# Calypso



## Bomber1975

Just placed an order with Hops Direct and saw a hop called Calypso Hop the specs for it are as follows:

Calypso Pellet Hop

Alpha Acid 12.0%
Dual Purpose Hop
Pleasant, fruity aroma, with hints of pear and apple
Typical Brewing Styles: Ales, Stouts and Barley Wines

Calypso hops are a dual purpose hop that was originally bred from the Nugget hop varietal. 

Complex aroma of lemons, tart apples, cherry blossoms, black pepper, bitter orange, mint & pear. Flavour is a robust mix of citrus & stonefruit.

Sounds nice was wondering if anyone had tried them before? I've never heard of them. I ordered a pound and am looking forward to boiling some up when they arrive.


----------



## Bizier

Cool. please post experience. Must be pretty damn new, I've not seen it, and I've looked at their website recently and only saw the sonnet as a new variety.

ed: android spelling


----------



## Wolfy

Bomber1975 said:


> Calypso Pellet Hop


Sounds Jamaican to me, maybe they've translated expertise with other herbs into hop growing?


----------



## Bongchitis

yaaa maaaaannnn


----------



## DUANNE

Bomber1975 said:


> Just placed an order with Hops Direct and saw a hop called Calypso Hop the specs for it are as follows:
> 
> Calypso Pellet Hop
> 
> Alpha Acid 12.0%
> Dual Purpose Hop
> Pleasant, fruity aroma, with hints of pear and apple
> Typical Brewing Styles: Ales, Stouts and Barley Wines
> 
> 
> Sounds nice was wondering if anyone had tried them before?
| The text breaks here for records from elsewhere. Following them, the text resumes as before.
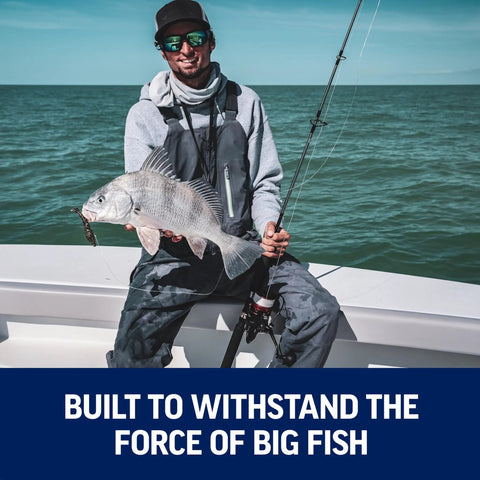 Angler holding fish using Fierce IV Spinning Reel And Fishing Rod Combo For Saltwater Angling With Full Metal Body HT 100 Drag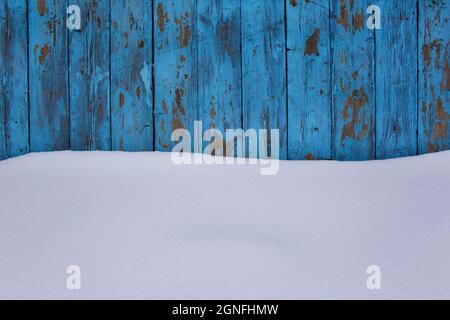 Blauer Holzstruktur Hintergrund mit unberührtem Schnee, abblätternde Farbe auf Holz im Winter Stockfoto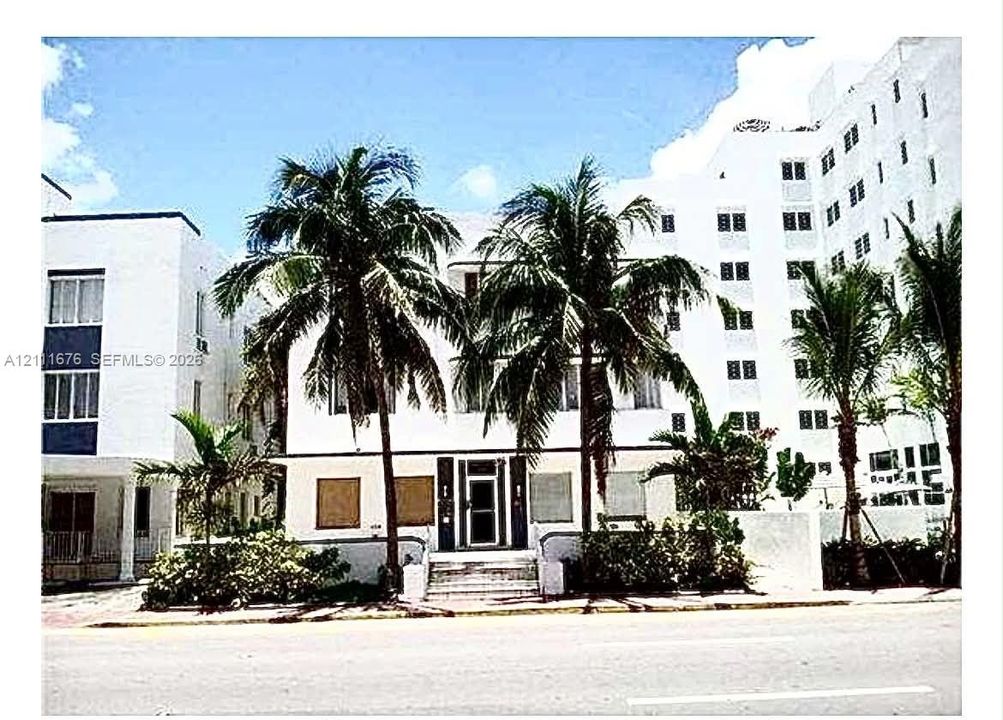 Multi-story building featuring smooth white stucco exterior, Art Deco architectural elements, recessed entrance, and mature palm trees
I've never heard of them. I ordered a pound and am looking forward to boiling some up when they arrive.


hi mate, have you tried these hops out yet. i got my half pound from niko today but not sure where to head with them style wise. maybe in a good apa with a nice big charge in the cube?


----------



## Bomber1975

BEERHOG said:


> hi mate, have you tried these hops out yet. i got my half pound from niko today but not sure where to head with them style wise. maybe in a good apa with a nice big charge in the cube?



No I haven't had a chance yet I get home on the 31st and was just going to do a basic extract recipe and see how it tasted and maybe work from there :icon_cheers:


----------



## bignath

BEERHOG said:


> i got my half pound from niko today but not sure where to head with them style wise. maybe in a good apa with a nice big charge in the cube?
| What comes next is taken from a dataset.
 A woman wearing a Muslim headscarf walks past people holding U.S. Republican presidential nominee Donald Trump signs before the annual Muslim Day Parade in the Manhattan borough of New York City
I'd try a simple smash beer, maybe 10g @ 40min, 10g @ 20min, 10g @ flameout (i'm a no chiller), and maybe dry hop 1g/Lt and see how you go.

I do this for my very basic but intoxicating Nelson Sauvin smash and it comes up a treat. 

This would at least give you a starting point to see how it goes, and if you need to wary of overdoing it in future.


----------



## O'Henry

I'd do the same, but would probably up it to 20-30g at each addition h34r: ...


----------



## bignath

O said:


> :icon_offtopic: Not wanting to start a shit storm, but seeing as there is little opinion from brewers who've used this hop, i would be really cautious about doing this....Quick plug in to some software indicates that this type of hop schedule will deliver 40+ IBU's of bitterness. Now i know that's not necessarily crazy, and i have no experience with this hop at all, i wouldn't do it.
> 
> I did a NS smash recently and decided to up the IBU's a little, and all i got was fruit salad. It was F#!$%n awful, and Nelson Sauvin is my favourite hop. If Calypso is reported to throw fruity flavours too, i'd be real hesitant to adventure anything past 25-30 IBU's until someone has a strong opinion on it's qualities...


----------



## O'Henry

Big Nath said:


> :icon_offtopic: Not wanting to start a shit storm, but seeing as there is little opinion from brewers who've used this hop, i would be really cautious about doing this....Quick plug in to some software indicates that this type of hop schedule will deliver 40+ IBU's of bitterness. Now i know that's not necessarily crazy, and i have no experience with this hop at all, i wouldn't do it.
> 
> I did a NS smash recently and decided to up the IBU's a little, and all i got was fruit salad. It was F#!$%n awful, and Nelson Sauvin is my favourite hop. If Calypso is reported to throw fruity flavours too, i'd be real hesitant to adventure anything past 25-30 IBU's until someone has a strong opinion on it's qualities...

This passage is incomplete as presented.